U2 started their tour of Australia last night with a call to release David Hicks from Guantanamo. Speaking from the stage in Brisbane, Bono said, "We call for David Hicks to be brought back to Australia”. The South Australian Hicks has been detained for five years at Guantanamo Bay naval base in Cuba since he was captured with Taliban forces in Afghanistan. He is yet to face trial. Bono’s plea is the latest in a string of high profile calls to end a miscarriage of justice. Even the unsympathetic Australian government now concedes Hicks has been held by the US for too long.

David Hicks was born in Adelaide in 1975. His father Terry Hicks described his son as adventurous. As a young man, David worked on rural properties in the Australian outback, experimented with drugs and fathered two children. In 1999, aged 24, he left his home in Adelaide with a one-way ticket to Pakistan intending to travel the Silk Road. But he changed his plans after a spur of the moment decision. Kosovo was dominating media attention. By the time Hicks got to Albania the war between Serbia and Kosovo's Albanian majority was almost over. He trained for four weeks with the Kosovo Liberation Army (KLA) and signed up with NATO. Then a peace deal meant foreign volunteers were sent home under NATO orders. Hicks came back to Australia where he started to become interested in Islam. He converted and began to learn Arabic. For his next adventure he wanted to travel to Afghanistan. Hicks went back to Pakistan in 2001 where he worked in a madrassa (an Islamic school) and trained with Lashkar-e-Toiba.

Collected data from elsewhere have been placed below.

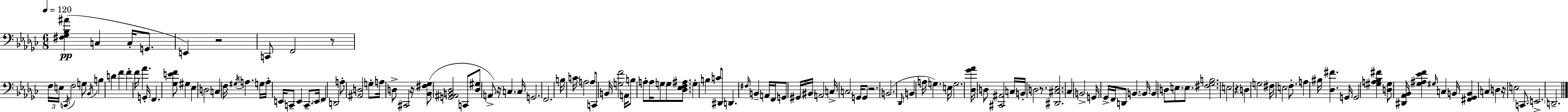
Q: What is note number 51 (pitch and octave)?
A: A3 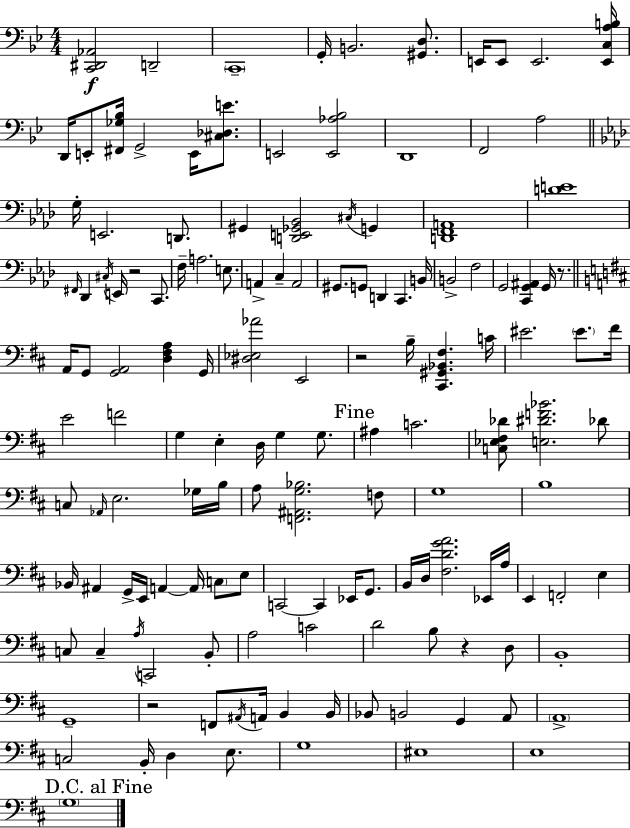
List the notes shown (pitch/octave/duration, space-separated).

[C2,D#2,Ab2]/h D2/h C2/w G2/s B2/h. [G#2,D3]/e. E2/s E2/e E2/h. [E2,C3,A3,B3]/s D2/s E2/e [F#2,Gb3,Bb3]/s G2/h E2/s [C#3,Db3,E4]/e. E2/h [E2,Ab3,Bb3]/h D2/w F2/h A3/h G3/s E2/h. D2/e. G#2/q [D2,E2,Gb2,Bb2]/h C#3/s G2/q [D2,F2,A2]/w [D4,E4]/w F#2/s Db2/q C#3/s E2/s R/h C2/e. F3/s A3/h. E3/e. A2/q C3/q A2/h G#2/e. G2/e D2/q C2/q. B2/s B2/h F3/h G2/h [C2,G2,A#2]/q G2/s R/e. A2/s G2/e [G2,A2]/h [D3,F#3,A3]/q G2/s [D#3,Eb3,Ab4]/h E2/h R/h B3/s [C#2,G#2,Bb2,F#3]/q. C4/s EIS4/h. EIS4/e. F#4/s E4/h F4/h G3/q E3/q D3/s G3/q G3/e. A#3/q C4/h. [C3,Eb3,F#3,Db4]/e [E3,D#4,F4,Bb4]/h. Db4/e C3/e Ab2/s E3/h. Gb3/s B3/s A3/e [F2,A#2,G3,Bb3]/h. F3/e G3/w B3/w Bb2/s A#2/q G2/s E2/s A2/q A2/s C3/e E3/e C2/h C2/q Eb2/s G2/e. B2/s D3/s [F#3,D4,G4,A4]/h. Eb2/s A3/s E2/q F2/h E3/q C3/e C3/q A3/s C2/h B2/e A3/h C4/h D4/h B3/e R/q D3/e B2/w G2/w R/h F2/e A#2/s A2/s B2/q B2/s Bb2/e B2/h G2/q A2/e A2/w C3/h B2/s D3/q E3/e. G3/w EIS3/w E3/w G3/w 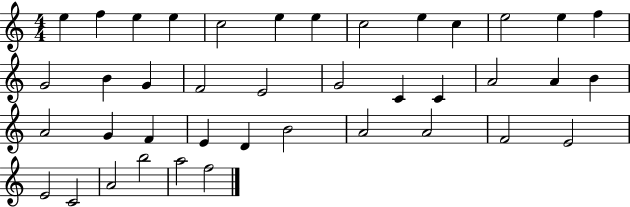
{
  \clef treble
  \numericTimeSignature
  \time 4/4
  \key c \major
  e''4 f''4 e''4 e''4 | c''2 e''4 e''4 | c''2 e''4 c''4 | e''2 e''4 f''4 | \break g'2 b'4 g'4 | f'2 e'2 | g'2 c'4 c'4 | a'2 a'4 b'4 | \break a'2 g'4 f'4 | e'4 d'4 b'2 | a'2 a'2 | f'2 e'2 | \break e'2 c'2 | a'2 b''2 | a''2 f''2 | \bar "|."
} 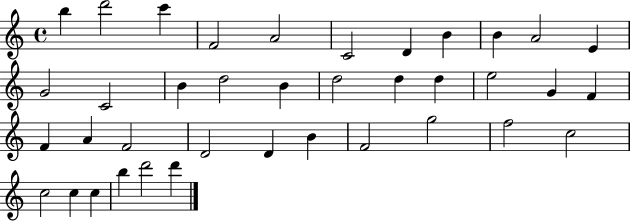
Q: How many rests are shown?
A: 0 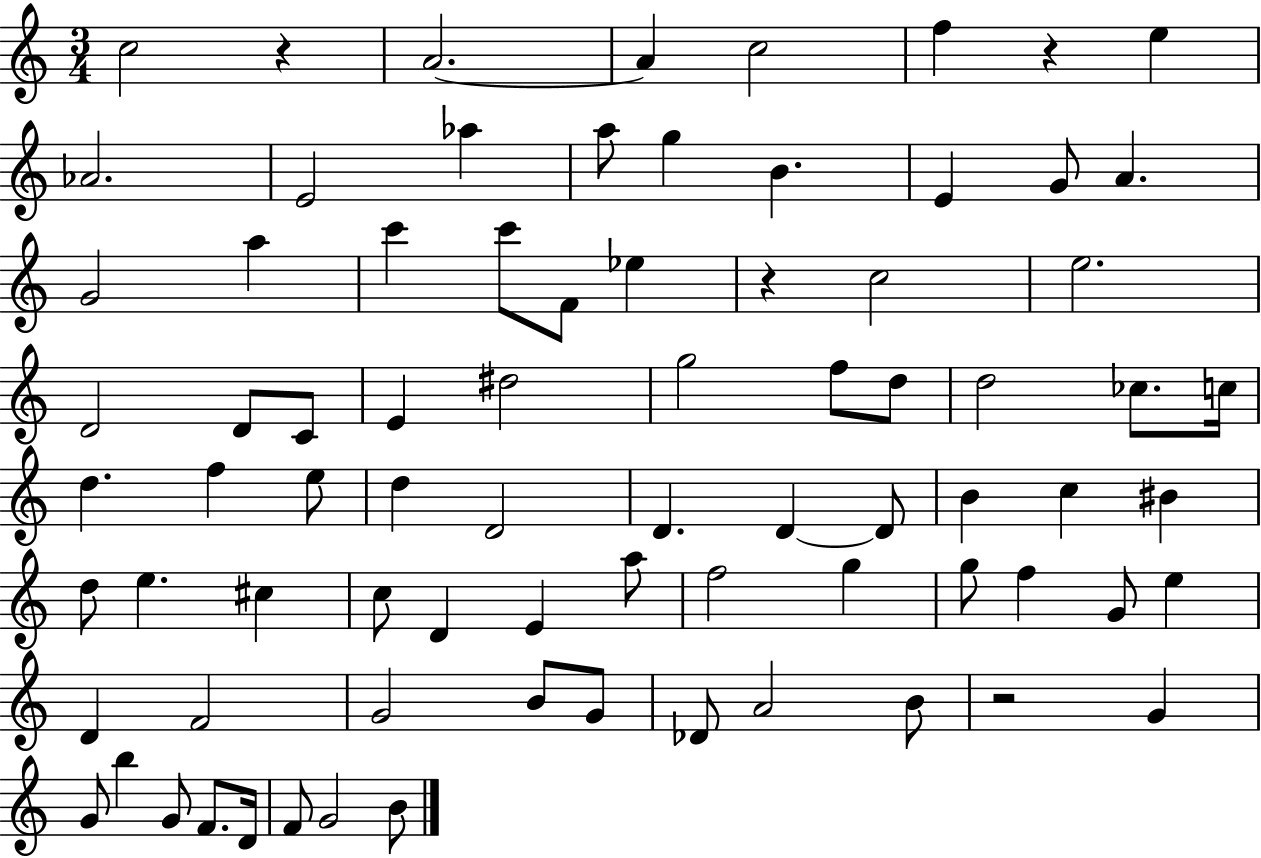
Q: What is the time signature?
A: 3/4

He was in still in Pakistan on 11 September 2001. On hearing the news of 9/11, he immediately packed his bag and travelled to the Al Qaeda guesthouse in Kandahar, the Taliban capital of Southern Afghanistan. He crossed the border just before it was closed. After a few weeks, he was threatened with homelessness unless he volunteered to help the Taliban. David telephoned his father from Kandahar to tell him he was going to help the Taliban defend Kabul from the Northern Alliance. When the US air strikes started, he was told to guard a tank. When Afghanistan’s fourth largest city, Mazar-e-Sharif, fell to the Americans, Hicks went to the frontline. Within hours of arriving, the front collapsed. The few hundred foreign fighters fled and were chased by the Northern Alliance. After two weeks in hiding, Hicks was picked up at a taxi station, trying to leave the country. The Northern Alliance sold him to the Americans for $1,000.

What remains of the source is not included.